__Goal of the exercise__: What you should give back is a precise copy of the lines below from the one containing "Handmade Fringe Leather" through the one containing "Luxury golden box, shimmering", with no pictures.

───── Data for this exercise ─────

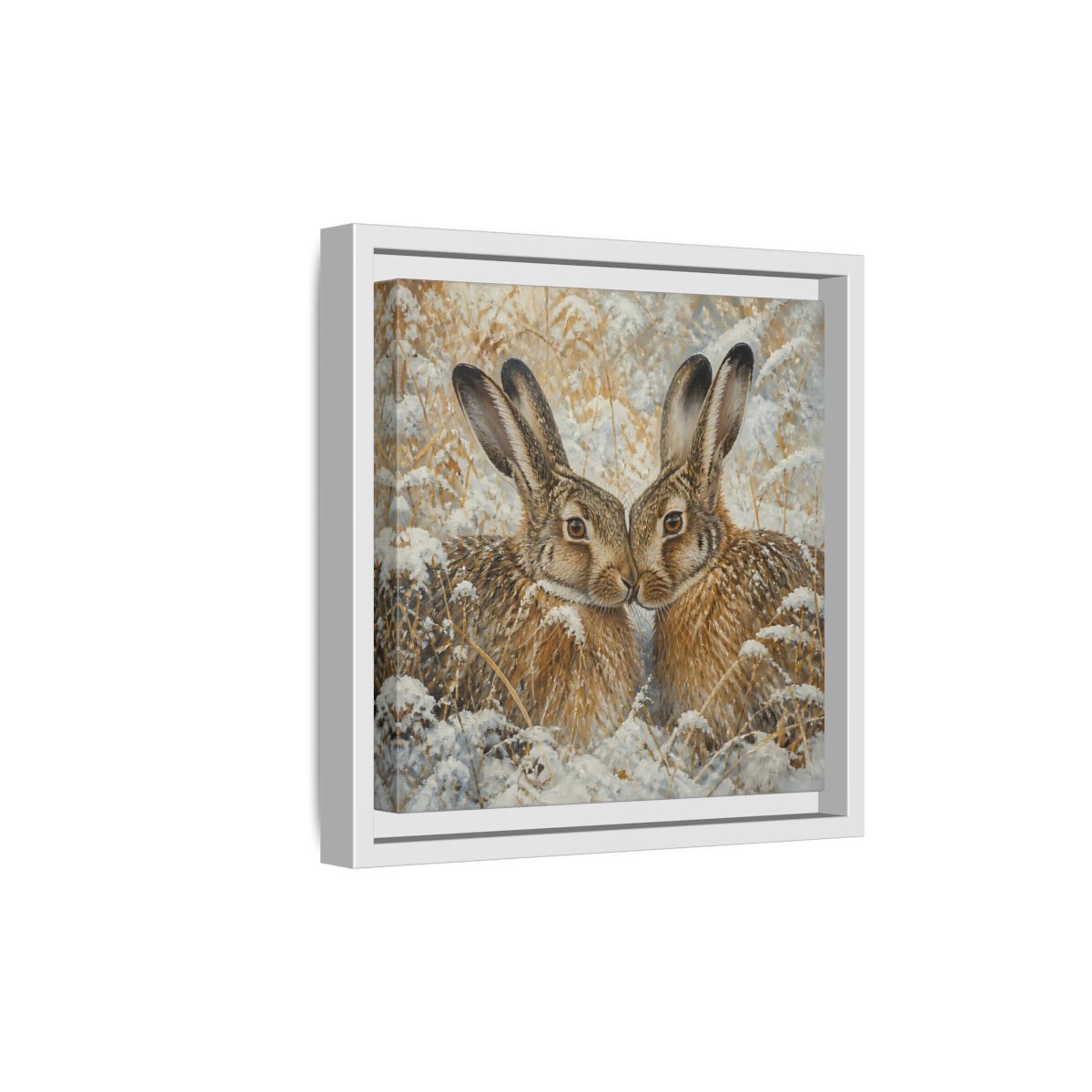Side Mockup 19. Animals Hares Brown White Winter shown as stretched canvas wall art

─────
───── Data for this exercise ─────

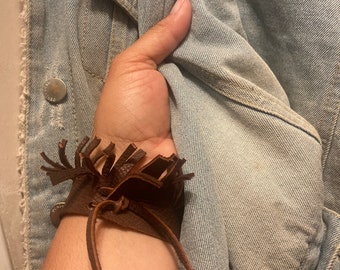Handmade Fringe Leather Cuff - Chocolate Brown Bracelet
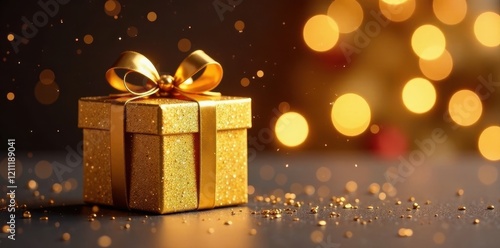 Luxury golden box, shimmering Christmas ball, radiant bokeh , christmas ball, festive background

─────

__Expected output__:
Handmade Fringe Leather Cuff - Chocolate Brown Bracelet
 Luxury golden box, shimmering Christmas ball, radiant bokeh , christmas ball, festive background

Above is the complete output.